Пожар начался, как известно, с Фельдмаршальской залы, и вследствие того приказано было, чтобы к 17-му числу эта зала непременно возобновлена была в прежнем своем виде. Воля царская сильна в России, и все поспело ко времени: зала воскресла опять, как была тому назад год; недостает только люстр и окончательной политуры на стенах. Вчера собралась туда вся царская фамилия с маленькой свитой, строительная комиссия и конногвардейцы, которые прошлого года в этот самый роковой день были тут в карауле под предводительством того же самого офицера (моего племянника Мирбаха). Государь, приветствовав их, сказал:

— Прошлого года, ребята, вы в этот самый день были первыми свидетелями начавшегося здесь пожара; мне хотелось, чтобы вы же были и первыми свидетелями возобновления этой залы в нашем дворце.

Потом был, в присутствии царской фамилии, благодарственный молебен с коленопреклонением. К Святой неделе, которая будет очень рано (26 марта), все важнейшие части дворца будут отделаны, и мы будем праздновать Пасху в возобновленной его большой церкви.

Дверь Сперанского открылась. Я тотчас этим воспользовался и сегодня был у него.
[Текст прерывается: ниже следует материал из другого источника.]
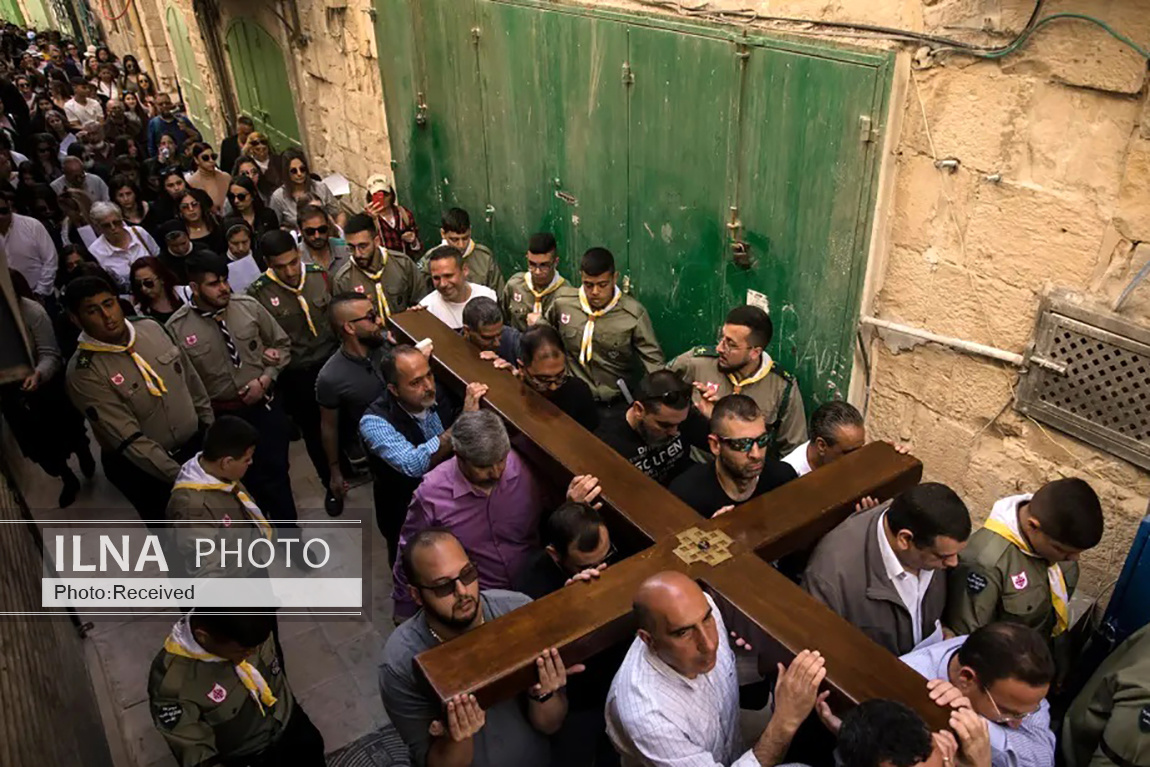 تصاویر: &laquo;جمعه خوب&raquo; مسیحیان در سراسر جهان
Здоровье его совсем восстановилось, кроме большой слабости и совсем пропавшего голоса, который однако со временем, вероятно, тоже воротится. Я не нашел, чтобы он и в лице много переменился. Свидание наше было самое дружеское, даже трогательное, и мы оба поплакали. Я так давно с ним знаком, так обязан ему за благорасположение, которым он всегда меня отличает, так привык отдавать справедливость великим его качествам и столько считаю его необходимым для России при жалостном нашем безлюдии, что искренне обрадовался, увидев его опять возвращенным нам.